Quelques récents exemples : En 2015, une opération est mise en place pour intensifier la lutte contre la traite des êtres humains. En 2018, une opération de polices américaines, canadiennes et européennes permet de « paralyser les principaux médias en ligne des jihadistes » du groupe État islamique. L’année suivante, l’opération Hydra est conjointement lancée lors d’un forum à Lyon, visant à lutter contre l’immigration clandestine et les passeurs.

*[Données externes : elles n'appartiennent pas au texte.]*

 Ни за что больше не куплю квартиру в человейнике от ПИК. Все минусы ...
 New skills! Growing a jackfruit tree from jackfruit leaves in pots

Depuis la fin des années 90, les États font face au « boom » technologique qui ne cesse de voir des évolutions croissantes depuis. En réponse à ces évolutions, particulièrement présentes ces dernières années, le 28 juin 2022, un nouveau règlement européen entre en vigueur, permettant la coopération d’Europol avec des acteurs privés. Ces relations pourraient ainsi jouer un rôle dans le développement de nouvelles technologies, notamment en termes d’intelligence artificielle qui prend une place de plus en plus importante, et dans ce contexte, menaçante. Un an plus tôt, une conférence Europol-Interpol sur la cybercriminalité avait pour sujet « L’innovation comme moyen de lutte contre la multiplication des cyberinfractions », mettant en lumière les enjeux actuels et futurs de cybercriminalité internationale, partageant conjointement leurs expériences et analyses en la matière.